We did not know, nor was it disclosed, when we bought our house that Lewis Avenue was a Halloween destination, literally a trick-a-treat stop for thousands.
Perhaps only a few thousand, but still.
Enough that the city police barricades the street from traffic. Enough that the city installs Port-o-Johnnies at the 6th Street end. Enough that the fire department drops by two enormous bags of candy the night before, meaning we are subsidized by the city. Enough that friends take pity and donate bags of candy to your supply.
(City Council a couple years ago debated and voted to move Halloween to a weekend date rather than let it fall naturally on a Monday. The citizenry revolted, and the council had to rescind its overreach.)

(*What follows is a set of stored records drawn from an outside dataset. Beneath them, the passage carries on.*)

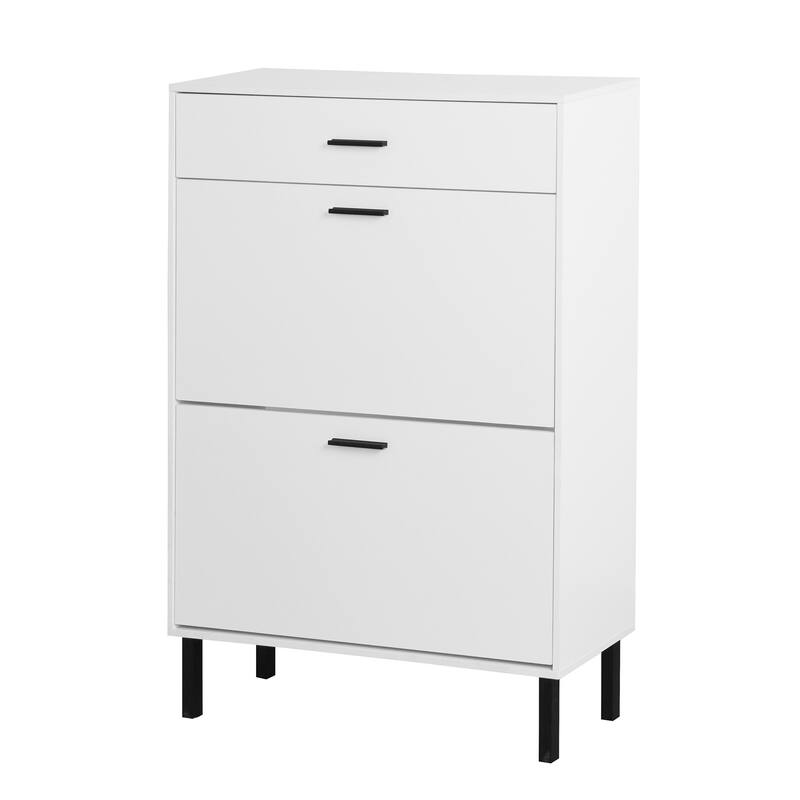 Shoe Storage Rack Storage Cabinet with Adjustable Flip Drawers, Metal Legs, and Space-Saving Design for Hallway, Entryway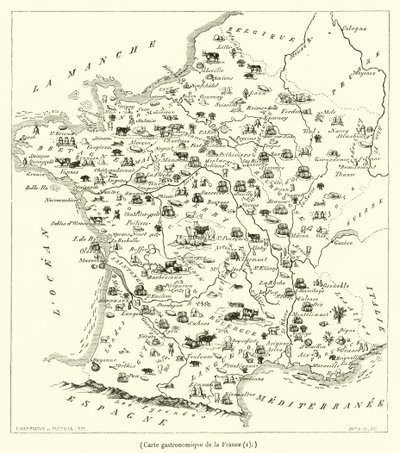 Gastronomisk kort over Frankrig (gravering) af French School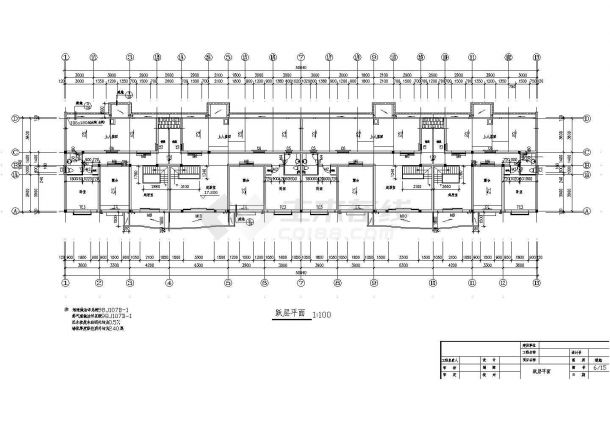 某长50.64米 宽10.14米 六层跃七层二单元3363平米两种户型CAD设计图纸（单元内户型不对称）-图一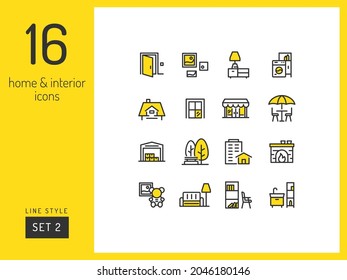 2 de tipo casa. Iconos lineales interiores y domésticos de dos colores a usar en aplicaciones web y móviles.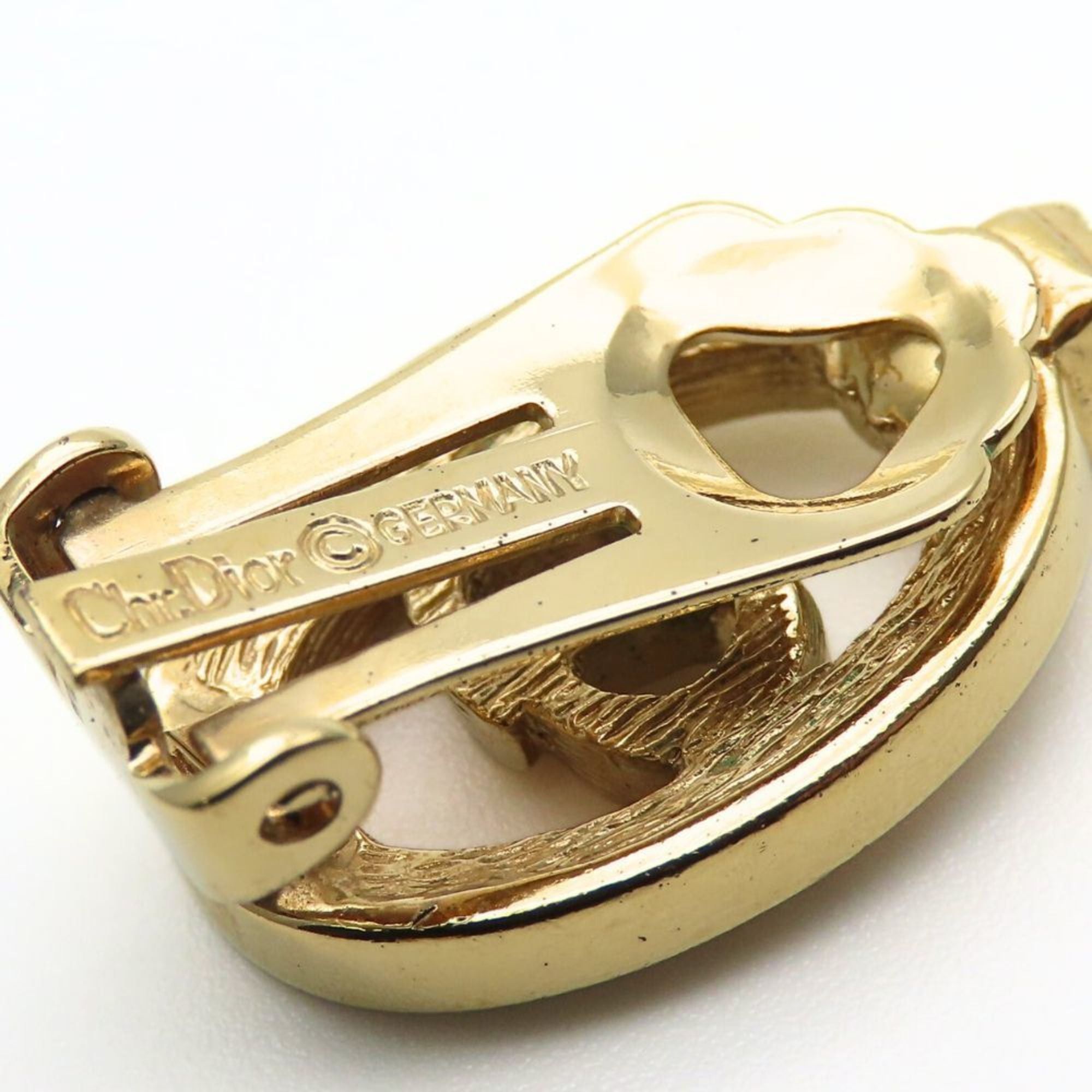 Dior Christian Dior CD logo metal earrings with rhinestones and gold plating for women. Size ONE SIZE - 9 Thumbnail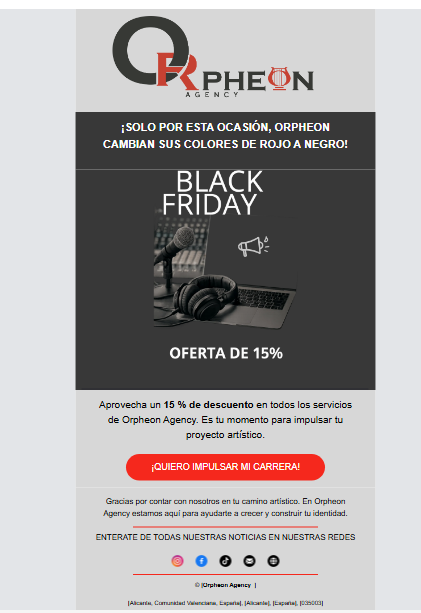 Newsletter de Orpheon Agency. Proyecto marketing digital.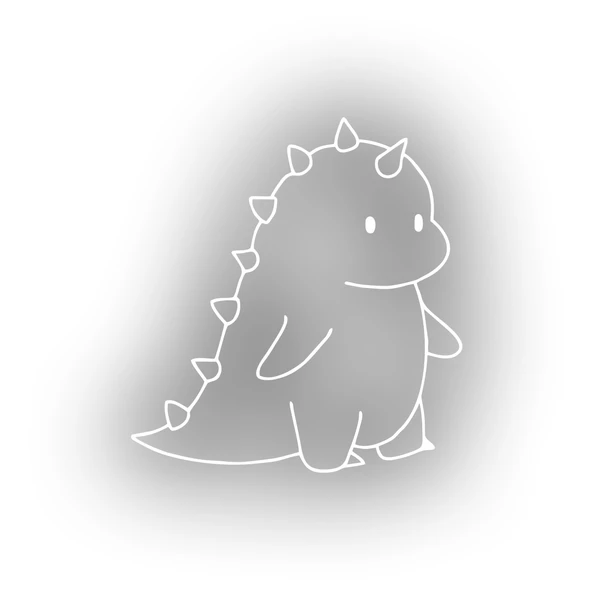 Sevimli Dino Araba Sticker 17x17 Cm Beyaz ürün görseli 1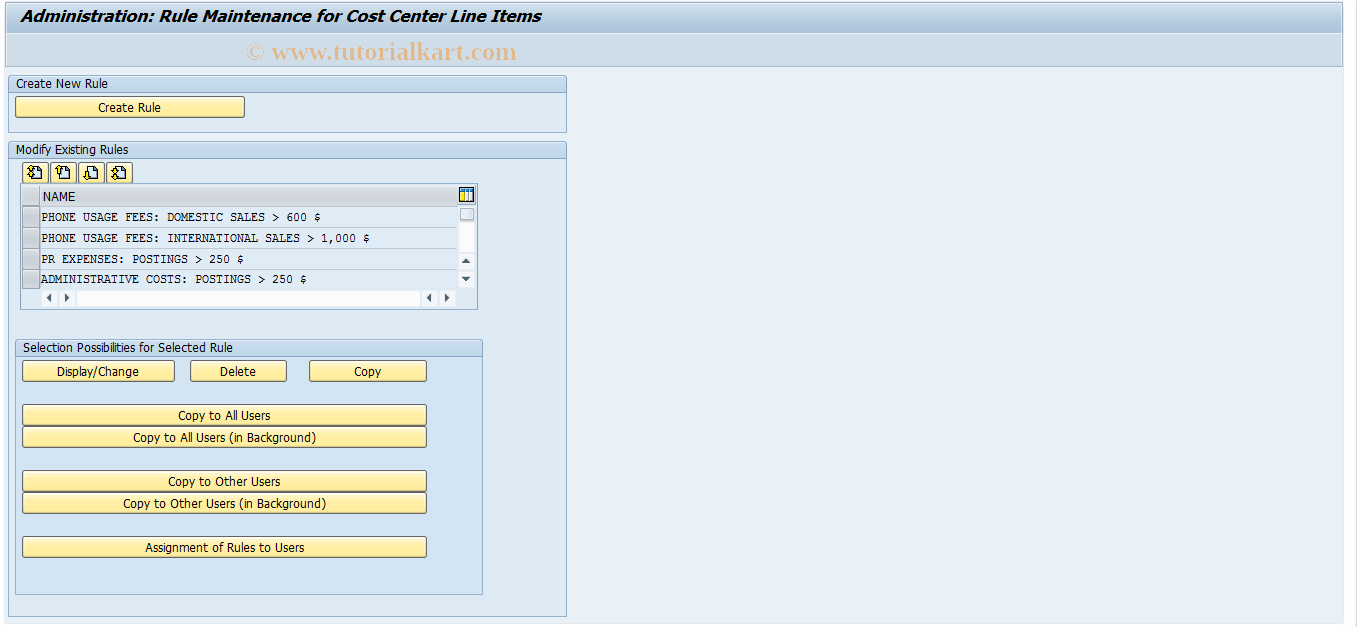 SAP TCode FCOM_RULE_CL - Rule for Cost Center Line Items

How Lewis Avenue became the trick-a-treat street, I do not know. But everyone knows it is. Busloads of Batmen and Power Rangers and Transformers and Princesses will roll from nearby Wilmington and Whitemarch islands and as far as way as Savannah.
They will be greeted on the short street of 70 homes with blowup ghosts, ghouls, goblins and black cats the size of a small house; graveyards and pirate ships of the dead sailing across lawns; and, residents dressed for the show.
We invite friends over for a cook out and spread the table in the front yard so we have an up close and personal view of the parade that starts just before sundown.
I’ve somehow roped myself into playing a crazy pirate and handing out the candy. I over acted (me?) and hammed it up to the point where friends actually enjoyed seeing me act a fool. Last year, when I bowed out, I apparently upset some people, primarily she-who-must-be-obeyed.
So, this year, I’ll be back with my bandana on my head, eye patch blurring my vision and a glow-in-the-dark cutlass in hand as I guard (hand out) the candy.